Hasta el último día de su mandato, Gustavo Petro mantuvo un discurso polarizador y de confrontación con la institucionalidad, un rasgo que definió su gestión y que lo distingue como el presidente que más ha puesto a prueba el principio de cooperación armónica consagrado en la Constitución en las últimas tres décadas y media.
Un cuatrienio de tensiones sin precedentes
La relación del gobierno Petro con el Congreso, las altas cortes, el Banco de la República y hasta la Registraduría estuvo marcada por la pugnacidad. El mandatario no dudó en desafiar abiertamente las decisiones de estos órganos, generando un ambiente de constante roce institucional.
- Choques reiterados con la Corte Constitucional por fallos que limitaban sus reformas.
- Tensiones con el Congreso por la tramitación de proyectos clave y la falta de mayorías.
- Enfrentamientos públicos con el Banco de la República por la política monetaria y la inflación.

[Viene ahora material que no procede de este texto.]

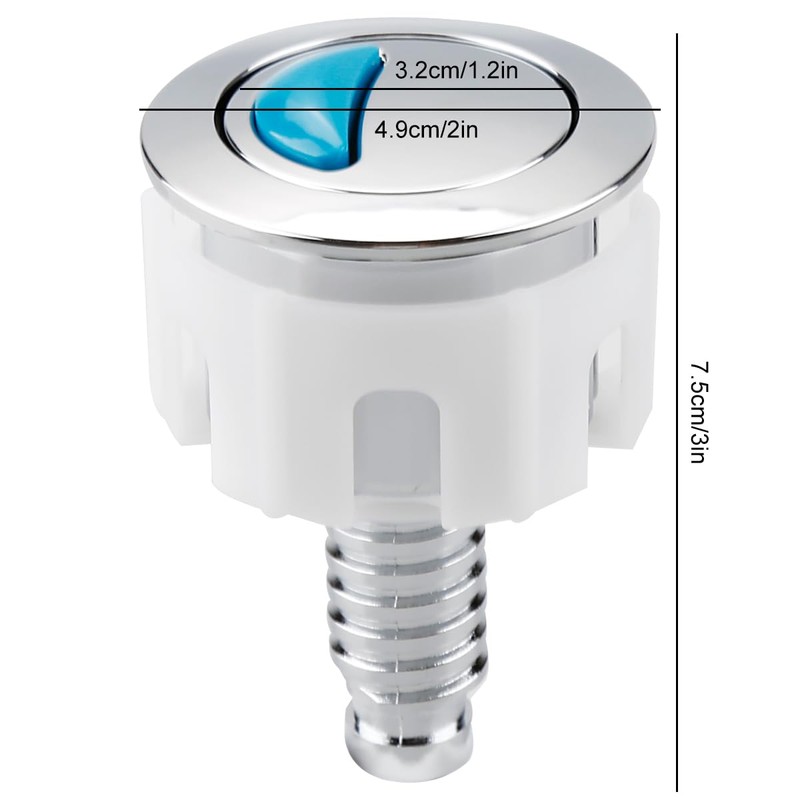 Toilet Flush Button, GLADFRESIT Round Head Toilet Push Button Replacement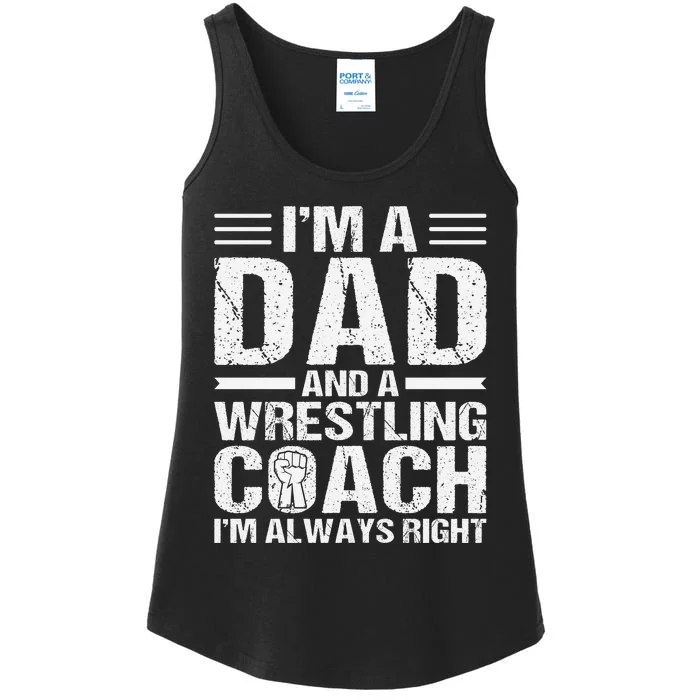 I’m A Dad And A Wrestling Coach Fathers Day Ladies Essential Tank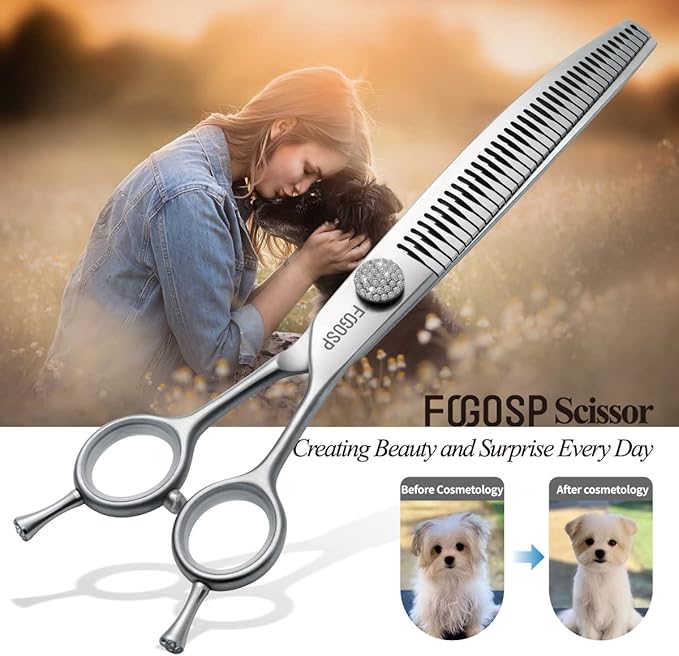 7.0'' Curved Chunkers Shears for Dog Grooming Professional Magic Grooming Scissors with Big Artificial Diamonds 30 Teeth for Large Dogs(7.0 in, Curved Chunkers)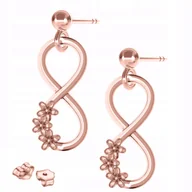 Kolczyki - Kolczyki Pozłacane Nieskończoność z Kwiatami Kwiatki Kwiaty SREBRO 925 - miniaturka - grafika 1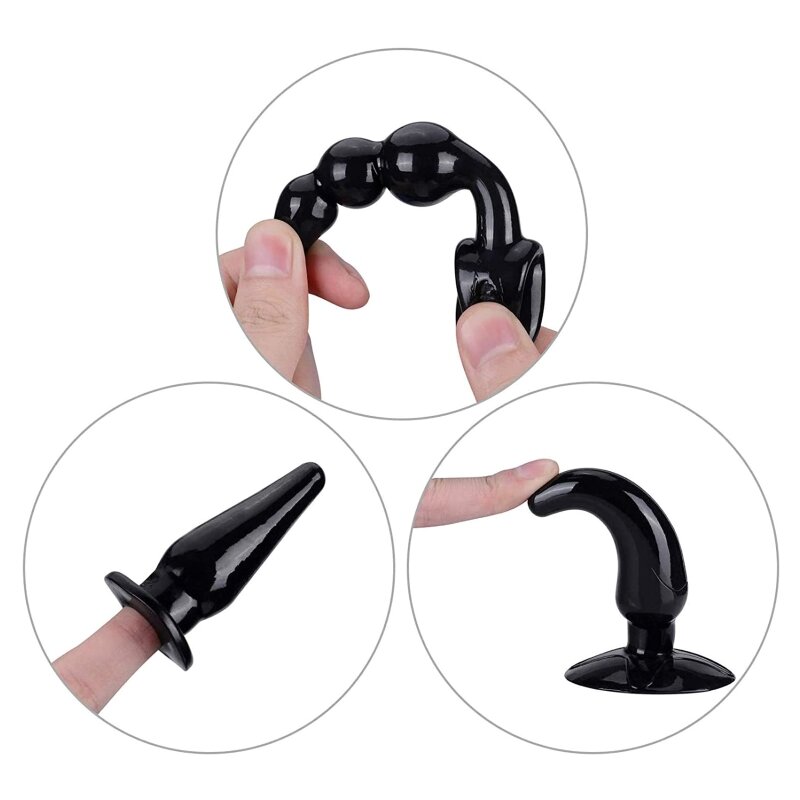 1set Vibrator Male Penile Lock Fine Ring Anal Plug Set Prostate Stimulation Anus Dilatation Butt Plug Masturbator Toy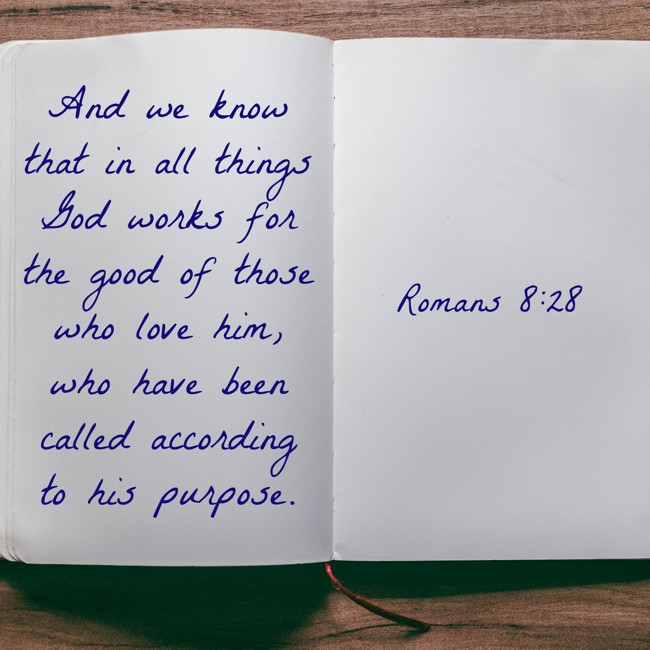 And we know that in all things God works for the good of those who love him, who have been called according to his purpose. - Romans 8:28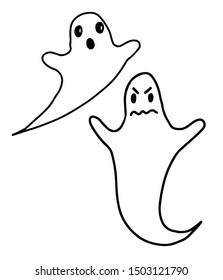 Hand drawn halloween vector ghost icons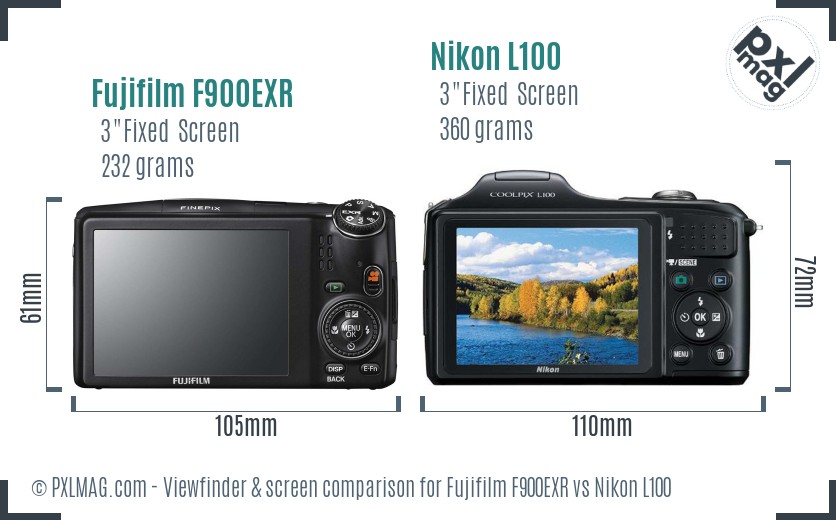 Fujifilm F900EXR vs Nikon L100 Screen and Viewfinder comparison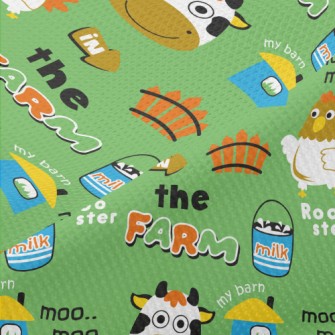 Chicken And Cow Barn Farm Piqué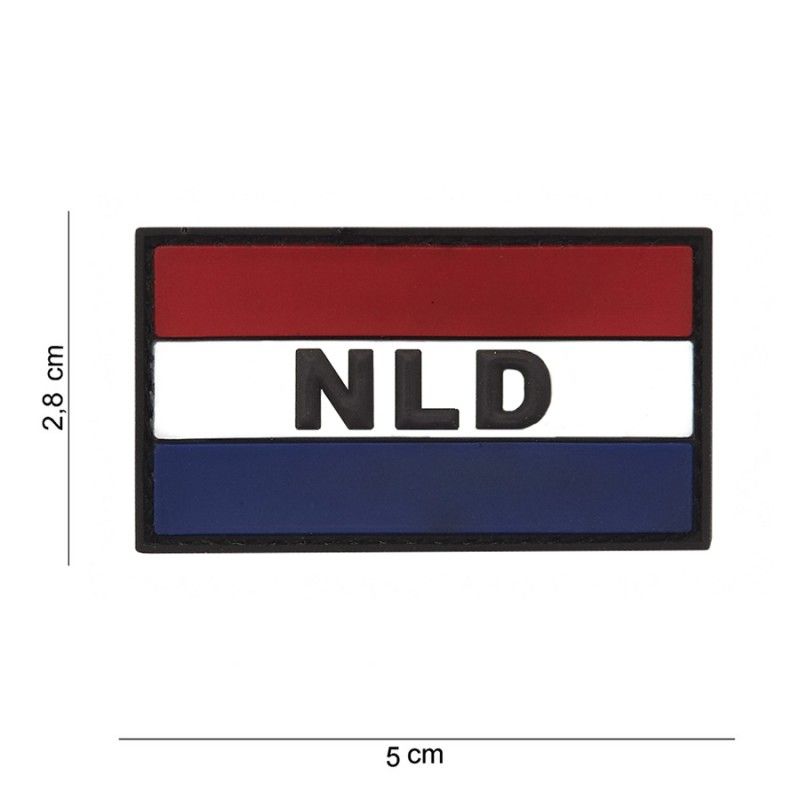 Embleem PVC vlag NLD 5 x 2.8 klittenband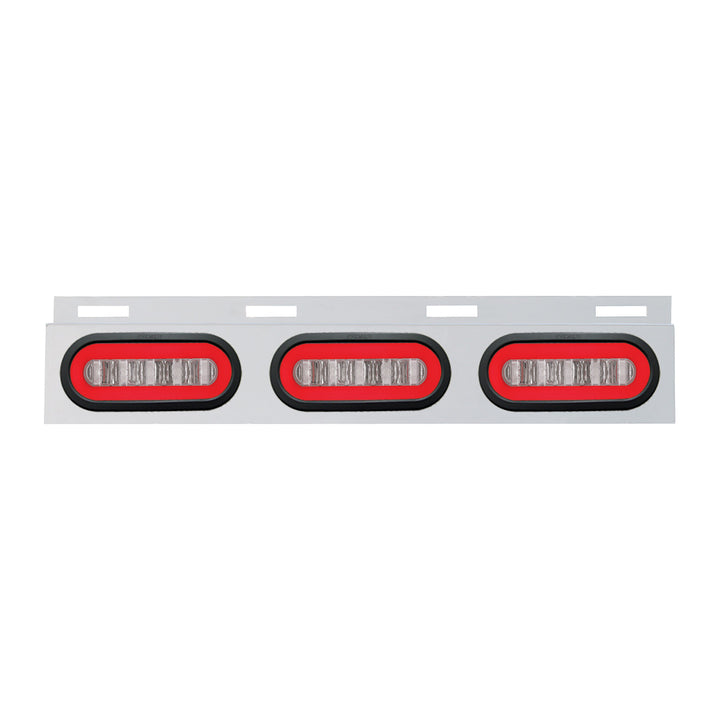 Stainless Top Mud Flap Bracket With 3 x 22 LED 6" Oval GloLight &amp; Grommet - Red LED/Clear Lens (Each)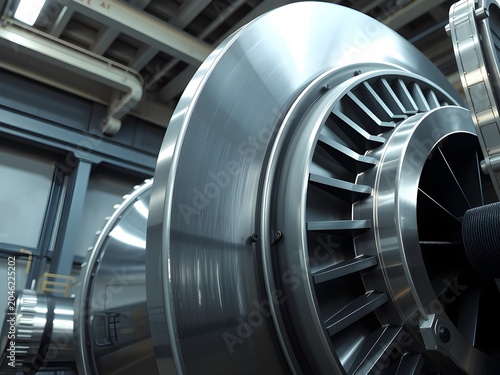 Partial Frame Shot Giant Hydroelectric Turbine Half Cut Off Right
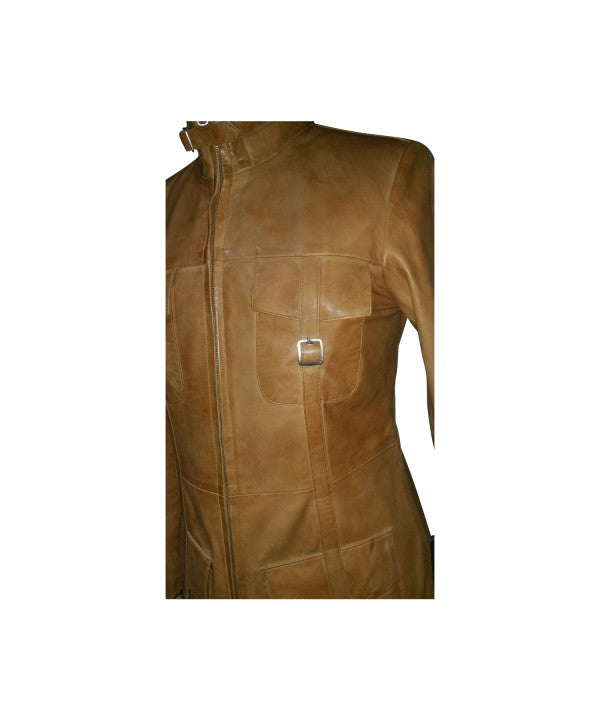 Soft Tan Knee Length Jacket121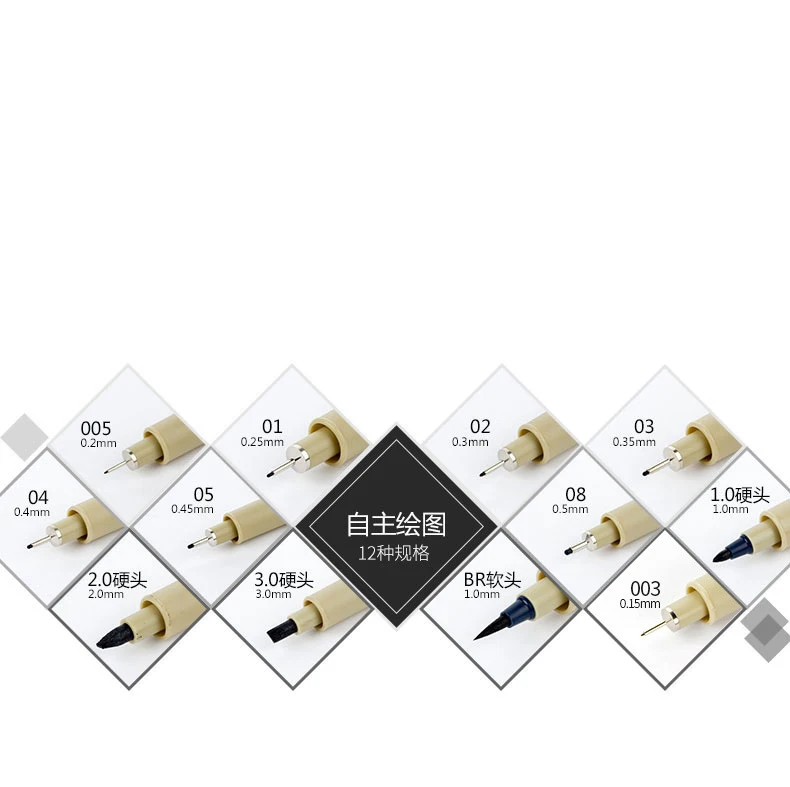 0 05 ~ 1 см Япония ручка с иглой Профессиональный рисунок волокна эскиз для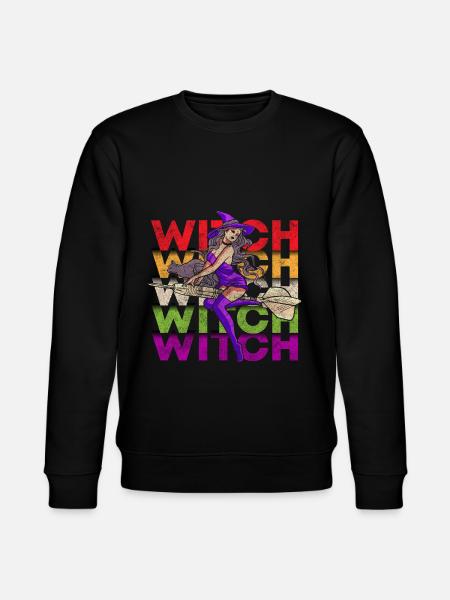 Witches Witches' Broom Halloween - Stanley/Stella CHANGER Unisex Organic Sweatshirt - black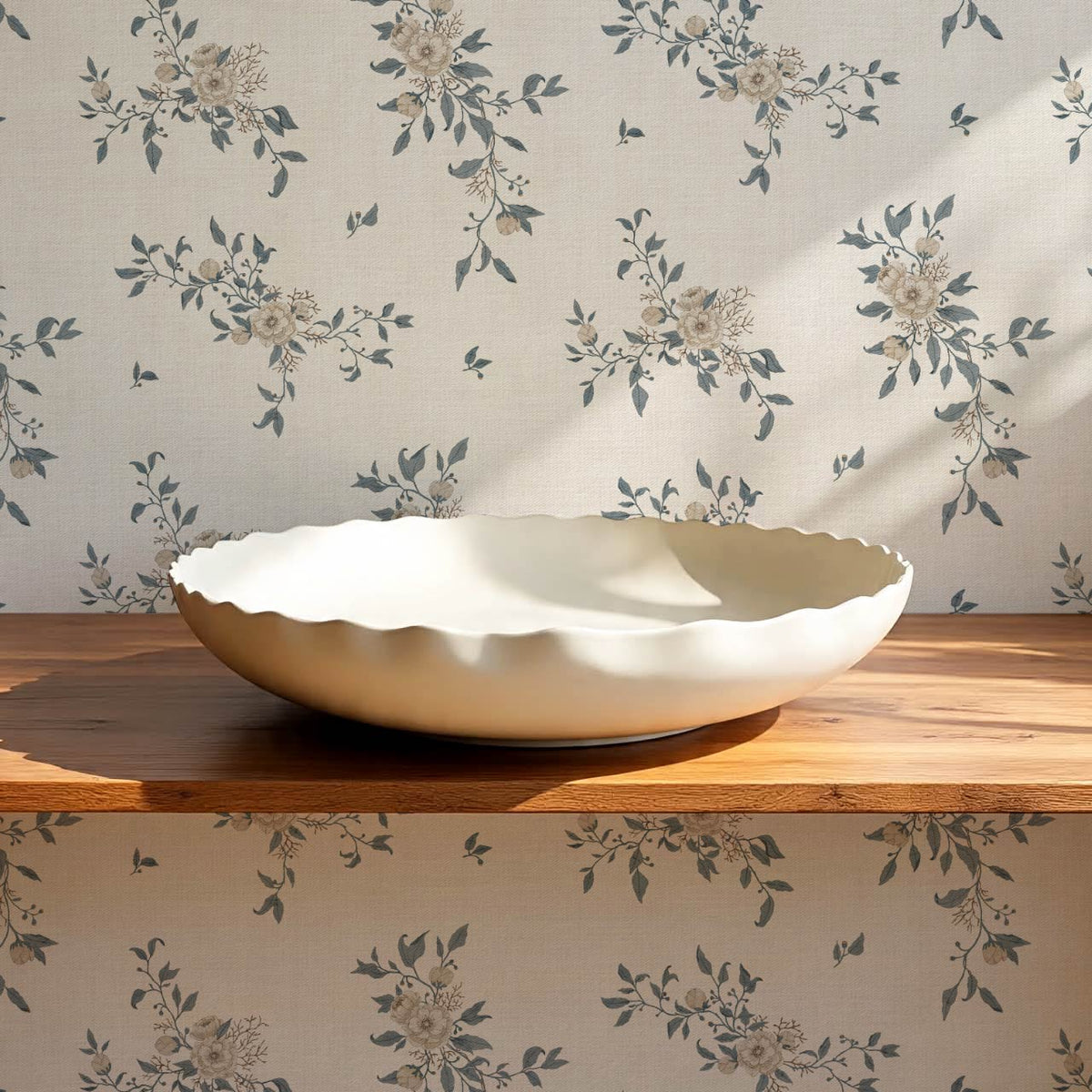Ercilia Garden Heirloom Taupe Stone Slate Ocean Wallpaper
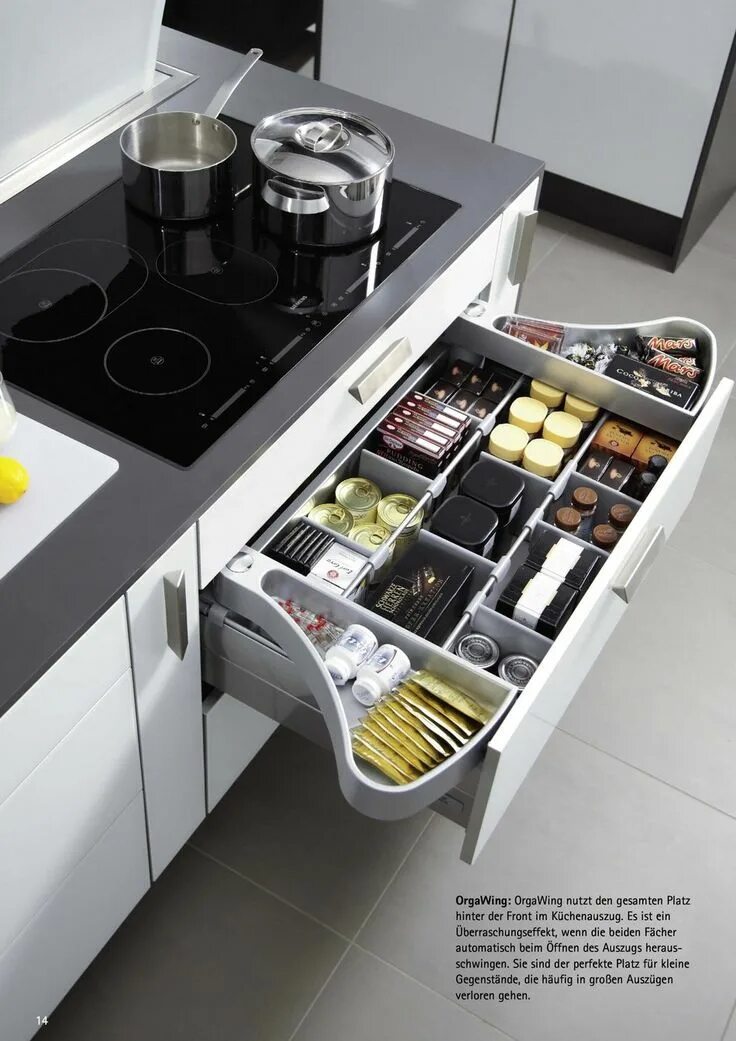 Кухонное наполнение шкафов фото OrgaWing nutzt gesamten Projeto de cozinha de luxo, Idéias de cozinha moderna, C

- Cuestionamientos a la Registraduría por procesos electorales y transparencia.
Ningún mandatario en los últimos 35 años había puesto tan a prueba el principio de la cooperación armónica consagrado en la Constitución.
Este estilo de gobierno no solo marcó la agenda política del cuatrienio, sino que dejó un legado de polarización y desconfianza que el nuevo gobierno deberá enfrentar. La historia de Colombia registrará a Petro como un líder que apostó por desinstitucionalizar, en lugar de fortalecer los canales de diálogo y respeto entre los poderes del Estado.